DIRECTIONS>
Leaving out all pictures, reproduce the entries below exactly, from the first line through the line that contains "Thomas Kosmala No. 4 Après L'Amour Elixir de Parfum 100ml Thomas".

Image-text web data
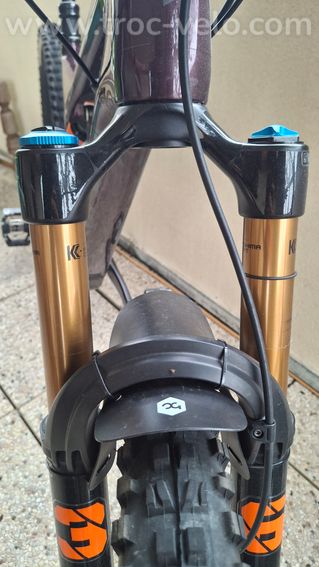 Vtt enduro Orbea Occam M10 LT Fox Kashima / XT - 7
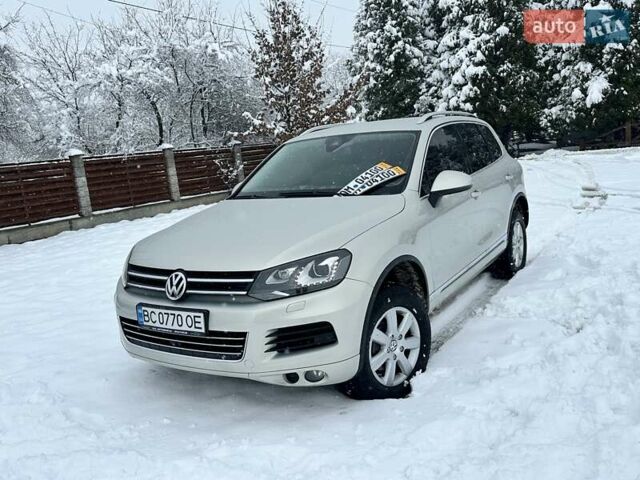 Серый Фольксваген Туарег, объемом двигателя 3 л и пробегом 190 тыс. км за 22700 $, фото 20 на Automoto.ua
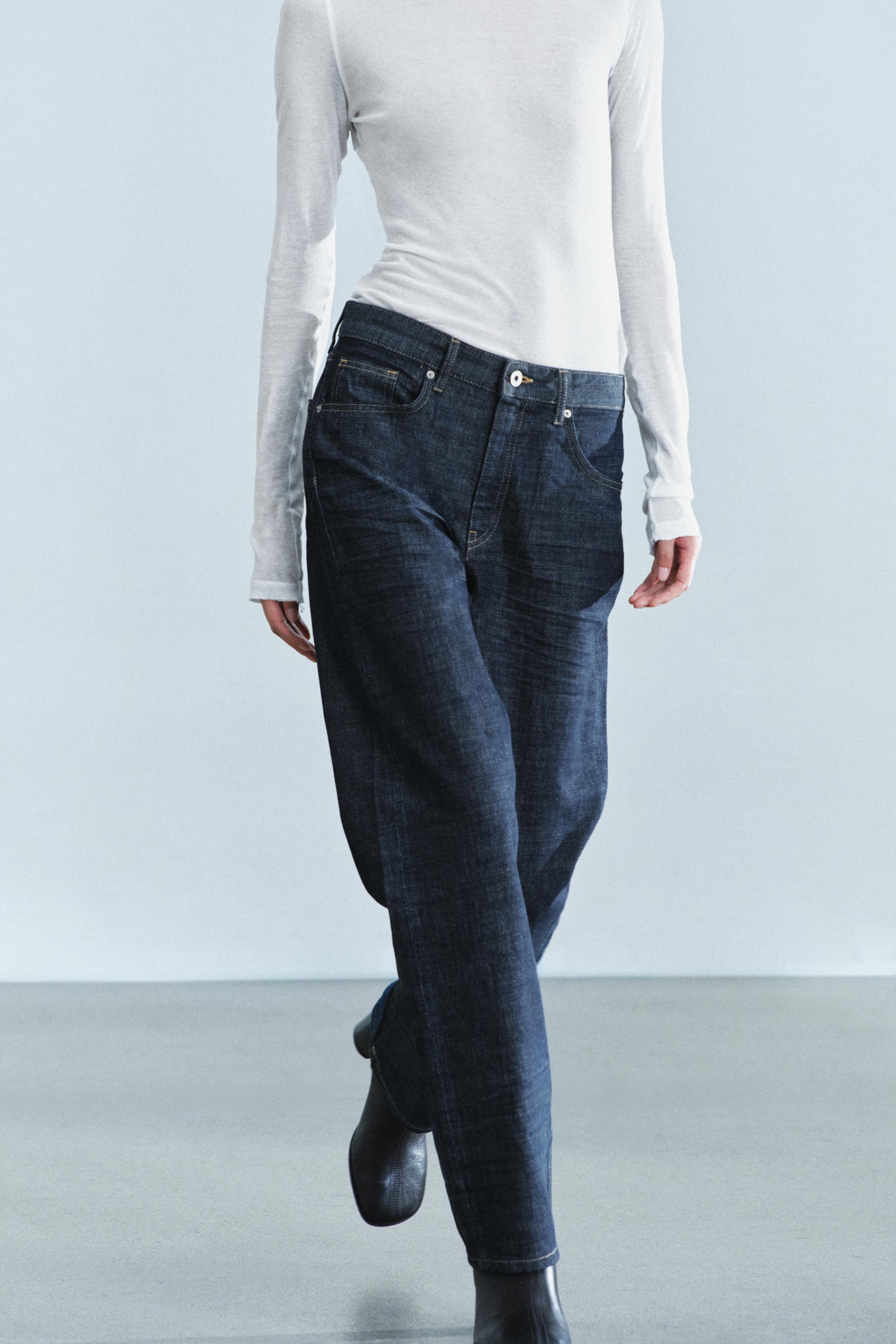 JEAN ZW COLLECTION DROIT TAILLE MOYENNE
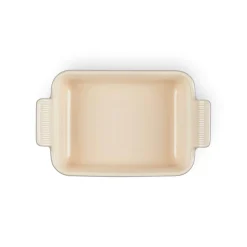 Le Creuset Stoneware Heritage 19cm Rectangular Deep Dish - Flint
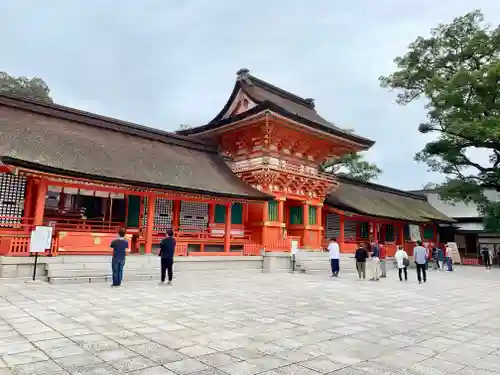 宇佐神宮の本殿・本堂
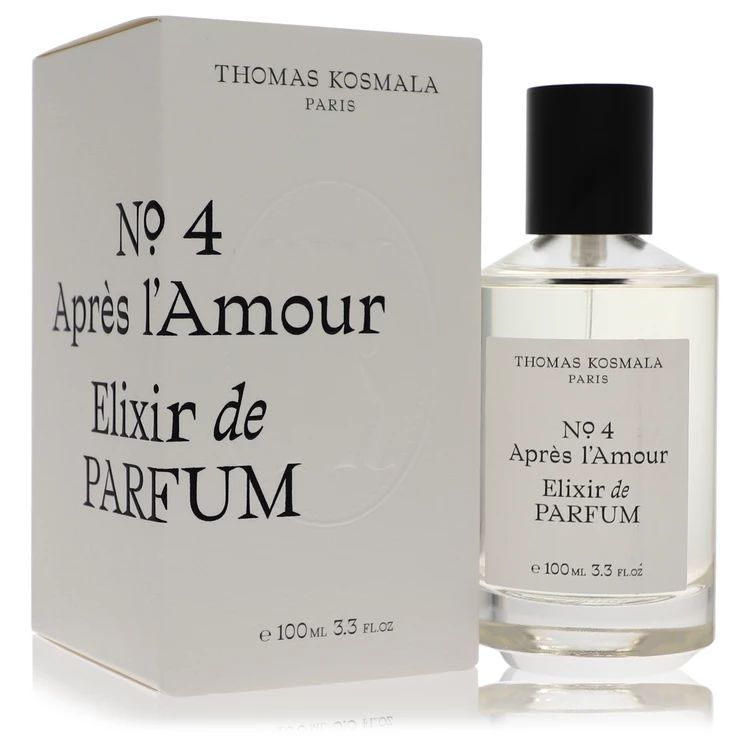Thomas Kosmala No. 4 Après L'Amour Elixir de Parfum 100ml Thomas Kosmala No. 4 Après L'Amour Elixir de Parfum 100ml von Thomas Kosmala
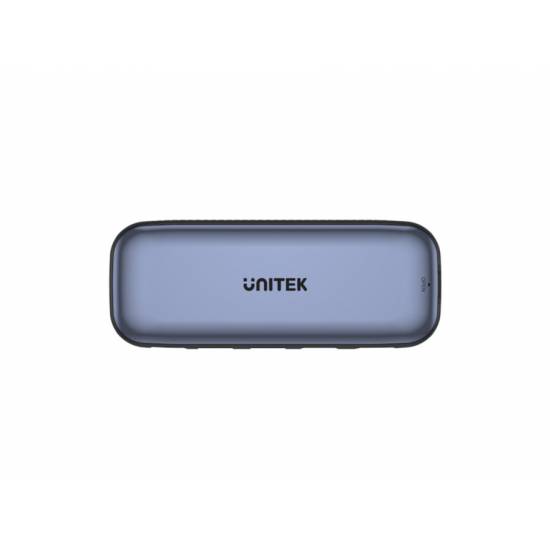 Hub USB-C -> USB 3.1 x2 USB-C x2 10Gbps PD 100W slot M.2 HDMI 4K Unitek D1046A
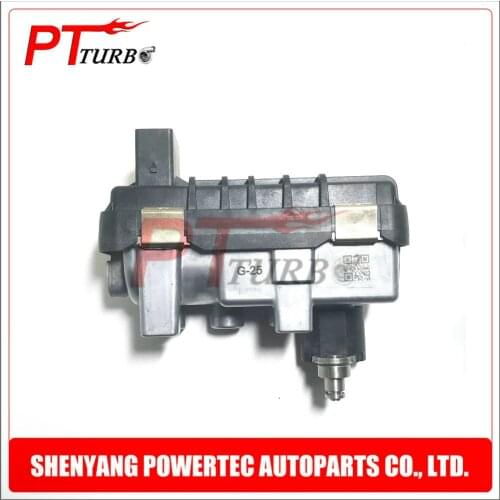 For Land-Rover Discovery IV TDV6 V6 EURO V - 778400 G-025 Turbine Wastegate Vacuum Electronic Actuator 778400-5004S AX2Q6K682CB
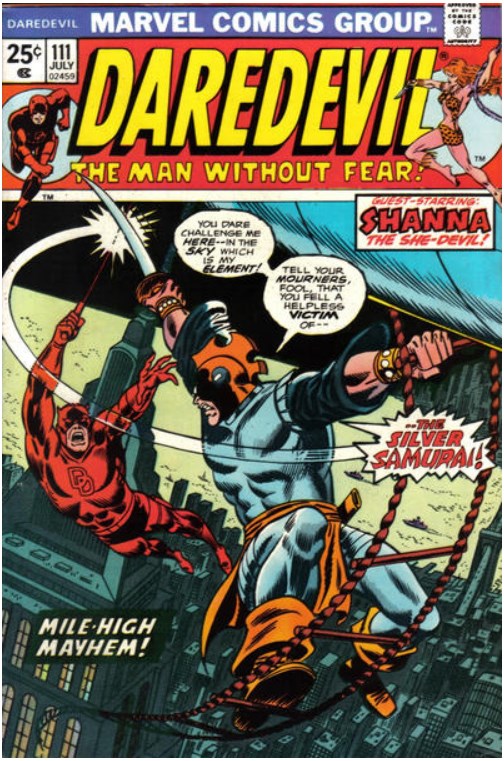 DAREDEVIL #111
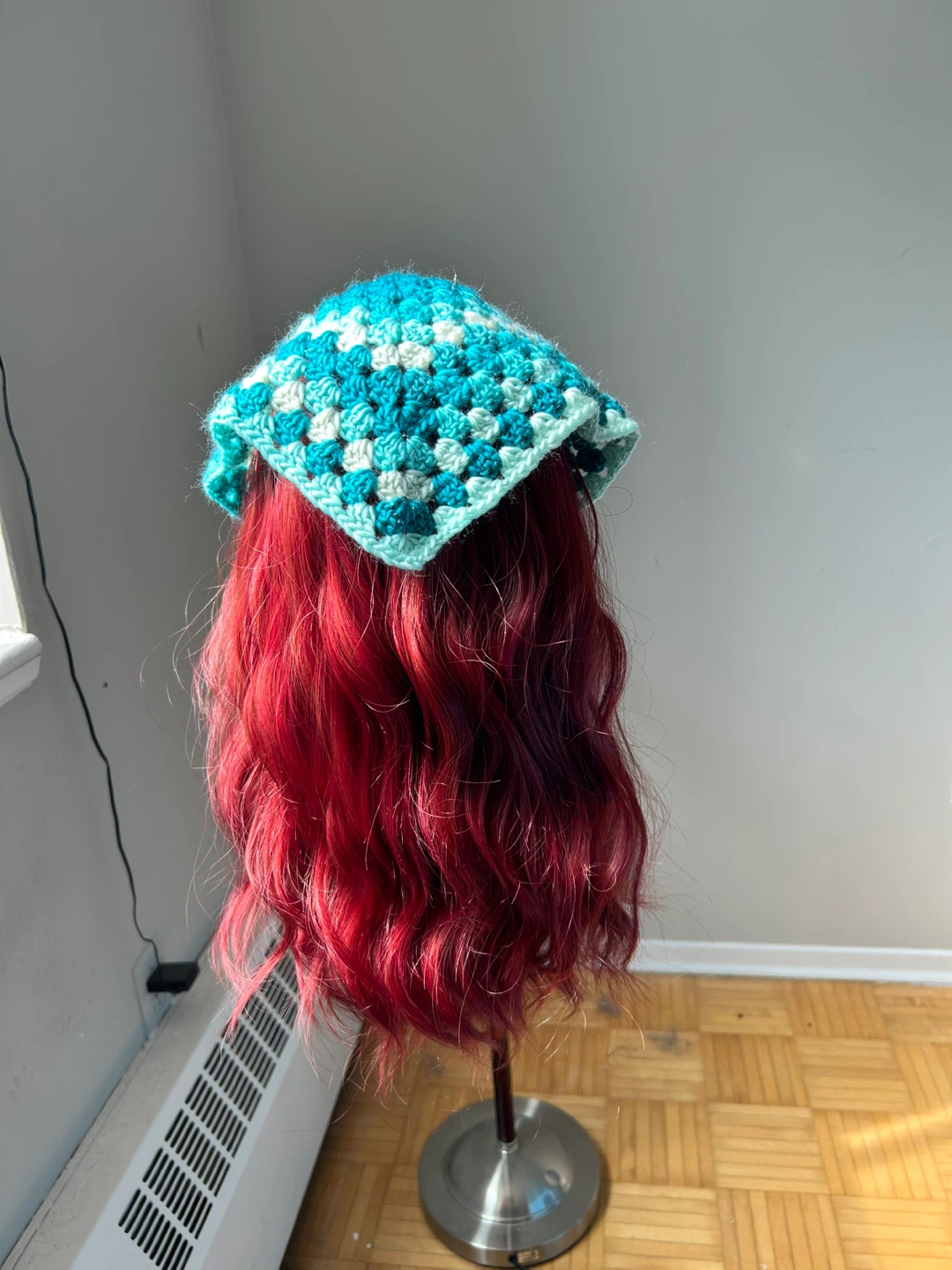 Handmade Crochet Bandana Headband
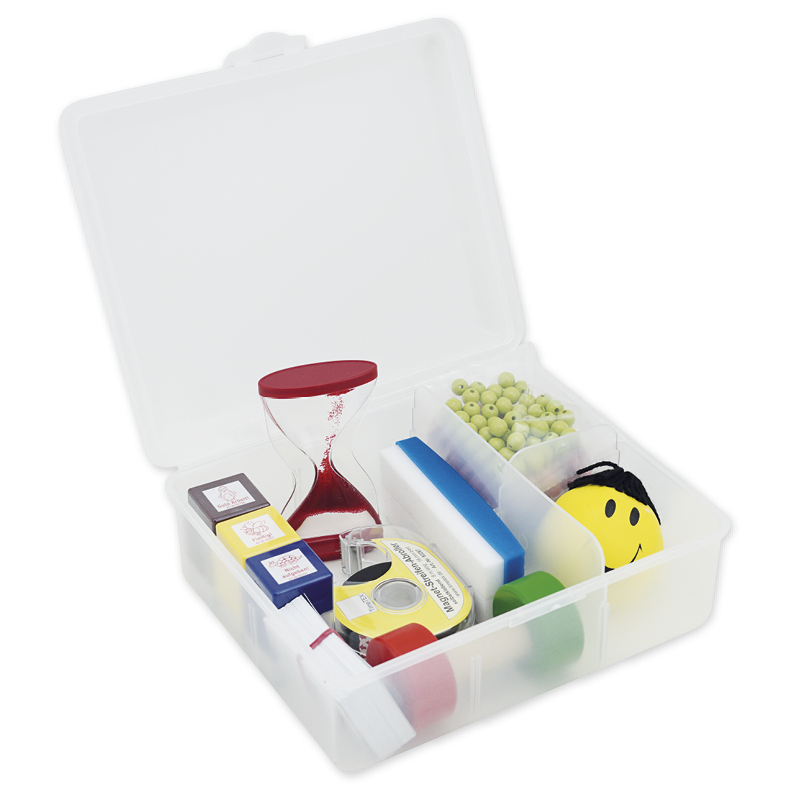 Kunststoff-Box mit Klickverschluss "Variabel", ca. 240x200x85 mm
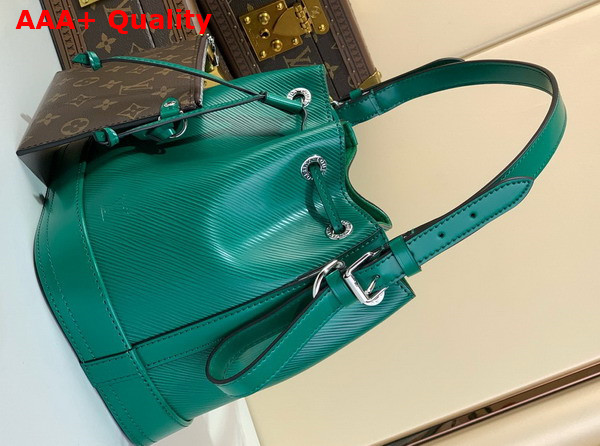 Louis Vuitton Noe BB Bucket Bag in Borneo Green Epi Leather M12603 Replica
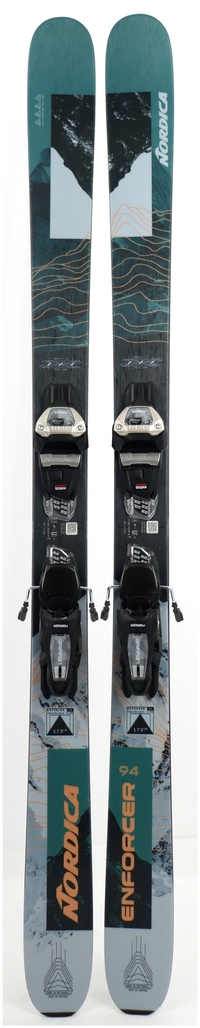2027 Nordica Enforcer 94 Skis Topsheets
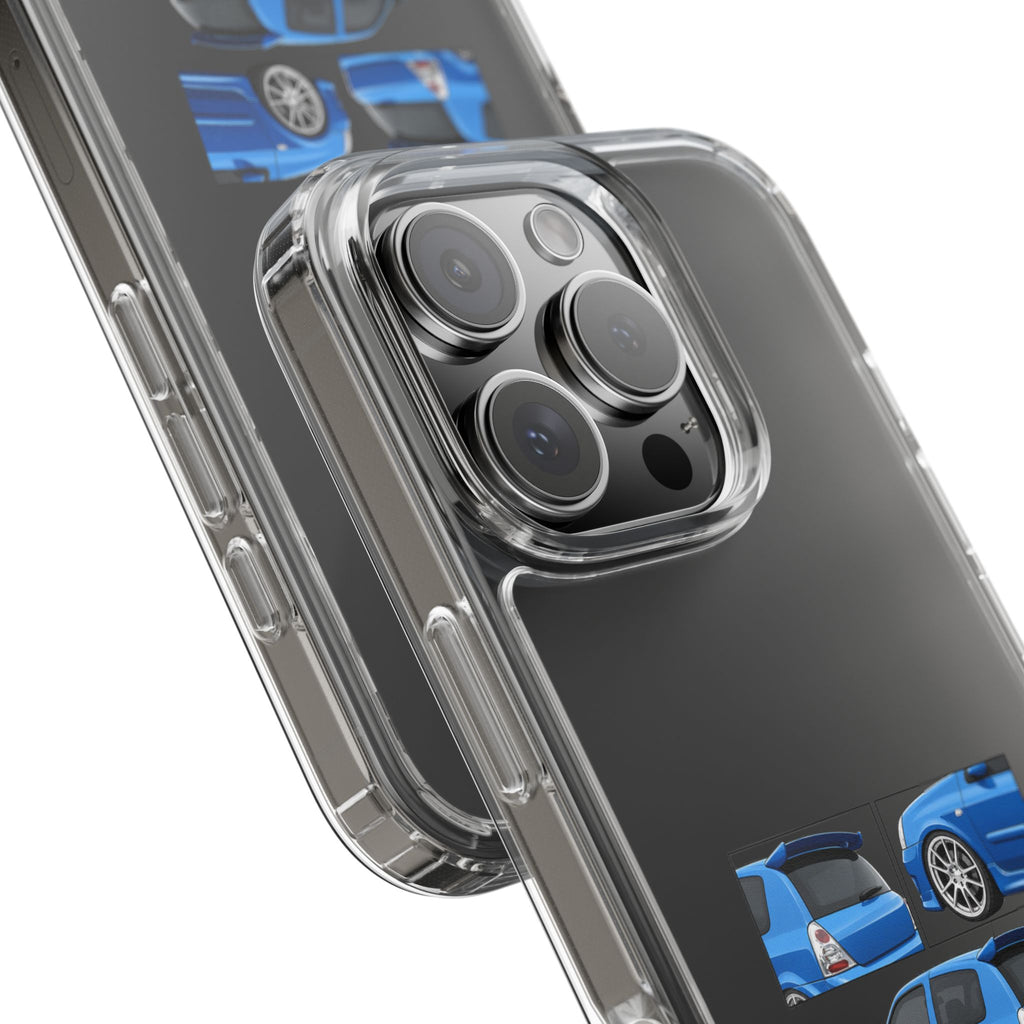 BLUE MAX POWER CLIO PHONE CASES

SOLUTION TO THE EXERCISE>
 Vtt enduro Orbea Occam M10 LT Fox Kashima / XT - 7
 Серый Фольксваген Туарег, объемом двигателя 3 л и пробегом 190 тыс. км за 22700 $, фото 20 на Automoto.ua
 JEAN ZW COLLECTION DROIT TAILLE MOYENNE
 Le Creuset Stoneware Heritage 19cm Rectangular Deep Dish - Flint
 宇佐神宮の本殿・本堂
Thomas Kosmala No. 4 Après L'Amour Elixir de Parfum 100ml Thomas Kosmala No. 4 Après L'Amour Elixir de Parfum 100ml von Thomas Kosmala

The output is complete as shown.